▶ How to complete this task:
Without skipping a line, reproduce the entries exactly.

BEGIN

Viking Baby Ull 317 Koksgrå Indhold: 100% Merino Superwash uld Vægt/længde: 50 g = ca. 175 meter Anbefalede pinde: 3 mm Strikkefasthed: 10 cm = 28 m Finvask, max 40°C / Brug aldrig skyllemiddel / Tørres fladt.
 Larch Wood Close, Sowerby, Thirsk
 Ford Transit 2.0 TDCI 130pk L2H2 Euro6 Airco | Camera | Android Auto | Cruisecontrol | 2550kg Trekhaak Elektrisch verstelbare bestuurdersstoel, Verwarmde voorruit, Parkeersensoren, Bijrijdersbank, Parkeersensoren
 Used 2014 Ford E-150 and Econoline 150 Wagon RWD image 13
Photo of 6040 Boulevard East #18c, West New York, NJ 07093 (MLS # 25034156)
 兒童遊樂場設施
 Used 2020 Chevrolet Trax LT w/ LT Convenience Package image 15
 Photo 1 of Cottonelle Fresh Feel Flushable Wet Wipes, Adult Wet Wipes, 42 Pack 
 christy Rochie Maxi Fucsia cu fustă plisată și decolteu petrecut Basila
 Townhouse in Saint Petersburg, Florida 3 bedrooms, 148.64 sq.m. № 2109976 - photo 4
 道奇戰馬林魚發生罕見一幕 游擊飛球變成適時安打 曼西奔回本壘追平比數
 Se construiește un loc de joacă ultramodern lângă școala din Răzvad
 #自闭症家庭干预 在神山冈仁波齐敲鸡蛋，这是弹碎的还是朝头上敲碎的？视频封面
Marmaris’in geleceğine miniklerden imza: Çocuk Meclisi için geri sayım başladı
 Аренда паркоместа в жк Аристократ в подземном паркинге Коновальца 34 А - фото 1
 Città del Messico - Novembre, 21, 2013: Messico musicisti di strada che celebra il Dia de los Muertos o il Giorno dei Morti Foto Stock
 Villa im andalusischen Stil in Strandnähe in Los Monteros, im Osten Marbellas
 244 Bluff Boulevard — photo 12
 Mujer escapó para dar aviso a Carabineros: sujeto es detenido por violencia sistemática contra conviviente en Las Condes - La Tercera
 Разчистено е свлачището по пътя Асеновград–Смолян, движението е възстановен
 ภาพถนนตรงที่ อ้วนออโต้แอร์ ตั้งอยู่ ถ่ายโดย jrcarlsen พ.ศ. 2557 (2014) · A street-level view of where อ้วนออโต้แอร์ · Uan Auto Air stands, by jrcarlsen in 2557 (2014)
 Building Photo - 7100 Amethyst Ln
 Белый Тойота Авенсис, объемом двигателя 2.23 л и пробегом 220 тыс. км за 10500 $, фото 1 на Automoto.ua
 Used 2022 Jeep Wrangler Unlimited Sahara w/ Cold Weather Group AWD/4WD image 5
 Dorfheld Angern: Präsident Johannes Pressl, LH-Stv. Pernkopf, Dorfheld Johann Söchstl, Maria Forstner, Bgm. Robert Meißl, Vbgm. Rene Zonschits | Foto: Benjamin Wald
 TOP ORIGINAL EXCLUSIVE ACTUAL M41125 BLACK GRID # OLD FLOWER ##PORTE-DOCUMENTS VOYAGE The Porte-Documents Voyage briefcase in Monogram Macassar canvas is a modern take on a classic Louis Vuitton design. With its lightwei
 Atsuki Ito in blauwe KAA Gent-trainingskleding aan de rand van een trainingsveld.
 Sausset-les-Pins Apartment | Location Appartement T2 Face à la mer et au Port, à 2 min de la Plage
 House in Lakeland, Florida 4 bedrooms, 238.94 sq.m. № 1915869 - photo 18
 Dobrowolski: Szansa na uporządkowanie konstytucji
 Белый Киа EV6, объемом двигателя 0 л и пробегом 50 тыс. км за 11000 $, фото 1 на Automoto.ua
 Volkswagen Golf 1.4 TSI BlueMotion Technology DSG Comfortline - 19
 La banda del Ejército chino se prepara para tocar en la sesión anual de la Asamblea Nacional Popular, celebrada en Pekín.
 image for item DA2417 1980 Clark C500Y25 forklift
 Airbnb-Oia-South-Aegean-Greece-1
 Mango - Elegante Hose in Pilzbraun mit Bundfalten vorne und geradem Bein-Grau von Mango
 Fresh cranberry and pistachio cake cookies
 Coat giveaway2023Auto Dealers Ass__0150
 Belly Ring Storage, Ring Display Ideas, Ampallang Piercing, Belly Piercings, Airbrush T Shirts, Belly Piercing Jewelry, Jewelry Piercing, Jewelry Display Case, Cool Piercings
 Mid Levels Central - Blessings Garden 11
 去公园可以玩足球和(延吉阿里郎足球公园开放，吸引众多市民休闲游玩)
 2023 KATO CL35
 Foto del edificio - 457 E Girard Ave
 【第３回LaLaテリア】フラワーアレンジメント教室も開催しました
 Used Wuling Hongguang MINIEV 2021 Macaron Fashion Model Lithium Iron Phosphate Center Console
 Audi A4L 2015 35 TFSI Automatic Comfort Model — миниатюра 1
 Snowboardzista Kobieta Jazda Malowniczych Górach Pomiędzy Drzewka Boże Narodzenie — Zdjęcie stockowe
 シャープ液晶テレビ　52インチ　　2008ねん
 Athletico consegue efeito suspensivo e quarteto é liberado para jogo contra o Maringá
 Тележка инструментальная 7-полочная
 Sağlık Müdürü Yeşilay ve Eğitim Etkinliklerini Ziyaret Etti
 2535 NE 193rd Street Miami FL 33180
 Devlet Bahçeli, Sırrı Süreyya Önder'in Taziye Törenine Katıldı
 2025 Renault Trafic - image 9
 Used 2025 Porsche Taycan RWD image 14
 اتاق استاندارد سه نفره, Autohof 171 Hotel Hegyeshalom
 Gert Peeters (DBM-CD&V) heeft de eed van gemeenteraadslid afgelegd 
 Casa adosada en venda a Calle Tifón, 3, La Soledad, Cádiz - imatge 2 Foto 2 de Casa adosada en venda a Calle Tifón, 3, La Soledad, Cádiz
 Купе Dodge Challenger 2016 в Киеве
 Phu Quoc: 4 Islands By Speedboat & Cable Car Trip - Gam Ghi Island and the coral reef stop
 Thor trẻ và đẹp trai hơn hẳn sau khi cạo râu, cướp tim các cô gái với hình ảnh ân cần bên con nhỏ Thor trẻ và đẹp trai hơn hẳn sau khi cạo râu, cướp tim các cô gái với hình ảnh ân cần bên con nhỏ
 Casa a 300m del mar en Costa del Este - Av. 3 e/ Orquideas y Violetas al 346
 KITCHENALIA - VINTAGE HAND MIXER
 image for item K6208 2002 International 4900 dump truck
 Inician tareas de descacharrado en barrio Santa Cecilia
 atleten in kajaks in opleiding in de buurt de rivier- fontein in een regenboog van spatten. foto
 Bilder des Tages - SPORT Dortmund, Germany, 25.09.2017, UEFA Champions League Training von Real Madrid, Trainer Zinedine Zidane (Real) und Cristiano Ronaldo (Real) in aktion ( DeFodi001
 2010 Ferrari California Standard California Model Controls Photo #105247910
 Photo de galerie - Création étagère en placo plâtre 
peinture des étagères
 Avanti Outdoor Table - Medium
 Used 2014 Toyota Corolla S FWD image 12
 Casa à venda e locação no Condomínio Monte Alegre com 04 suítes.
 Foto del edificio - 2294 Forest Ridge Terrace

END

▶ Answer for the task:
Viking Baby Ull 317 Koksgrå Indhold: 100% Merino Superwash uld Vægt/længde: 50 g = ca. 175 meter Anbefalede pinde: 3 mm Strikkefasthed: 10 cm = 28 m Finvask, max 40°C / Brug aldrig skyllemiddel / Tørres fladt.
 Larch Wood Close, Sowerby, Thirsk
 Ford Transit 2.0 TDCI 130pk L2H2 Euro6 Airco | Camera | Android Auto | Cruisecontrol | 2550kg Trekhaak Elektrisch verstelbare bestuurdersstoel, Verwarmde voorruit, Parkeersensoren, Bijrijdersbank, Parkeersensoren
 Used 2014 Ford E-150 and Econoline 150 Wagon RWD image 13
Photo of 6040 Boulevard East #18c, West New York, NJ 07093 (MLS # 25034156)
 兒童遊樂場設施
 Used 2020 Chevrolet Trax LT w/ LT Convenience Package image 15
 Photo 1 of Cottonelle Fresh Feel Flushable Wet Wipes, Adult Wet Wipes, 42 Pack 
 christy Rochie Maxi Fucsia cu fustă plisată și decolteu petrecut Basila
 Townhouse in Saint Petersburg, Florida 3 bedrooms, 148.64 sq.m. № 2109976 - photo 4
 道奇戰馬林魚發生罕見一幕 游擊飛球變成適時安打 曼西奔回本壘追平比數
 Se construiește un loc de joacă ultramodern lângă școala din Răzvad
 #自闭症家庭干预 在神山冈仁波齐敲鸡蛋，这是弹碎的还是朝头上敲碎的？视频封面
Marmaris’in geleceğine miniklerden imza: Çocuk Meclisi için geri sayım başladı
 Аренда паркоместа в жк Аристократ в подземном паркинге Коновальца 34 А - фото 1
 Città del Messico - Novembre, 21, 2013: Messico musicisti di strada che celebra il Dia de los Muertos o il Giorno dei Morti Foto Stock
 Villa im andalusischen Stil in Strandnähe in Los Monteros, im Osten Marbellas
 244 Bluff Boulevard — photo 12
 Mujer escapó para dar aviso a Carabineros: sujeto es detenido por violencia sistemática contra conviviente en Las Condes - La Tercera
 Разчистено е свлачището по пътя Асеновград–Смолян, движението е възстановен
 ภาพถนนตรงที่ อ้วนออโต้แอร์ ตั้งอยู่ ถ่ายโดย jrcarlsen พ.ศ. 2557 (2014) · A street-level view of where อ้วนออโต้แอร์ · Uan Auto Air stands, by jrcarlsen in 2557 (2014)
 Building Photo - 7100 Amethyst Ln
 Белый Тойота Авенсис, объемом двигателя 2.23 л и пробегом 220 тыс. км за 10500 $, фото 1 на Automoto.ua
 Used 2022 Jeep Wrangler Unlimited Sahara w/ Cold Weather Group AWD/4WD image 5
 Dorfheld Angern: Präsident Johannes Pressl, LH-Stv. Pernkopf, Dorfheld Johann Söchstl, Maria Forstner, Bgm. Robert Meißl, Vbgm. Rene Zonschits | Foto: Benjamin Wald
 TOP ORIGINAL EXCLUSIVE ACTUAL M41125 BLACK GRID # OLD FLOWER ##PORTE-DOCUMENTS VOYAGE The Porte-Documents Voyage briefcase in Monogram Macassar canvas is a modern take on a classic Louis Vuitton design. With its lightwei
 Atsuki Ito in blauwe KAA Gent-trainingskleding aan de rand van een trainingsveld.
 Sausset-les-Pins Apartment | Location Appartement T2 Face à la mer et au Port, à 2 min de la Plage
 House in Lakeland, Florida 4 bedrooms, 238.94 sq.m. № 1915869 - photo 18
 Dobrowolski: Szansa na uporządkowanie konstytucji
 Белый Киа EV6, объемом двигателя 0 л и пробегом 50 тыс. км за 11000 $, фото 1 на Automoto.ua
 Volkswagen Golf 1.4 TSI BlueMotion Technology DSG Comfortline - 19
 La banda del Ejército chino se prepara para tocar en la sesión anual de la Asamblea Nacional Popular, celebrada en Pekín.
 image for item DA2417 1980 Clark C500Y25 forklift
 Airbnb-Oia-South-Aegean-Greece-1
 Mango - Elegante Hose in Pilzbraun mit Bundfalten vorne und geradem Bein-Grau von Mango
 Fresh cranberry and pistachio cake cookies
 Coat giveaway2023Auto Dealers Ass__0150
 Belly Ring Storage, Ring Display Ideas, Ampallang Piercing, Belly Piercings, Airbrush T Shirts, Belly Piercing Jewelry, Jewelry Piercing, Jewelry Display Case, Cool Piercings
 Mid Levels Central - Blessings Garden 11
 去公园可以玩足球和(延吉阿里郎足球公园开放，吸引众多市民休闲游玩)
 2023 KATO CL35
 Foto del edificio - 457 E Girard Ave
 【第３回LaLaテリア】フラワーアレンジメント教室も開催しました
 Used Wuling Hongguang MINIEV 2021 Macaron Fashion Model Lithium Iron Phosphate Center Console
 Audi A4L 2015 35 TFSI Automatic Comfort Model — миниатюра 1
 Snowboardzista Kobieta Jazda Malowniczych Górach Pomiędzy Drzewka Boże Narodzenie — Zdjęcie stockowe
 シャープ液晶テレビ　52インチ　　2008ねん
 Athletico consegue efeito suspensivo e quarteto é liberado para jogo contra o Maringá
 Тележка инструментальная 7-полочная
 Sağlık Müdürü Yeşilay ve Eğitim Etkinliklerini Ziyaret Etti
 2535 NE 193rd Street Miami FL 33180
 Devlet Bahçeli, Sırrı Süreyya Önder'in Taziye Törenine Katıldı
 2025 Renault Trafic - image 9
 Used 2025 Porsche Taycan RWD image 14
 اتاق استاندارد سه نفره, Autohof 171 Hotel Hegyeshalom
 Gert Peeters (DBM-CD&V) heeft de eed van gemeenteraadslid afgelegd 
 Casa adosada en venda a Calle Tifón, 3, La Soledad, Cádiz - imatge 2 Foto 2 de Casa adosada en venda a Calle Tifón, 3, La Soledad, Cádiz
 Купе Dodge Challenger 2016 в Киеве
 Phu Quoc: 4 Islands By Speedboat & Cable Car Trip - Gam Ghi Island and the coral reef stop
 Thor trẻ và đẹp trai hơn hẳn sau khi cạo râu, cướp tim các cô gái với hình ảnh ân cần bên con nhỏ Thor trẻ và đẹp trai hơn hẳn sau khi cạo râu, cướp tim các cô gái với hình ảnh ân cần bên con nhỏ
 Casa a 300m del mar en Costa del Este - Av. 3 e/ Orquideas y Violetas al 346
 KITCHENALIA - VINTAGE HAND MIXER
 image for item K6208 2002 International 4900 dump truck
 Inician tareas de descacharrado en barrio Santa Cecilia
 atleten in kajaks in opleiding in de buurt de rivier- fontein in een regenboog van spatten. foto
 Bilder des Tages - SPORT Dortmund, Germany, 25.09.2017, UEFA Champions League Training von Real Madrid, Trainer Zinedine Zidane (Real) und Cristiano Ronaldo (Real) in aktion ( DeFodi001
 2010 Ferrari California Standard California Model Controls Photo #105247910
 Photo de galerie - Création étagère en placo plâtre 
peinture des étagères
 Avanti Outdoor Table - Medium
 Used 2014 Toyota Corolla S FWD image 12
 Casa à venda e locação no Condomínio Monte Alegre com 04 suítes.
 Foto del edificio - 2294 Forest Ridge Terrace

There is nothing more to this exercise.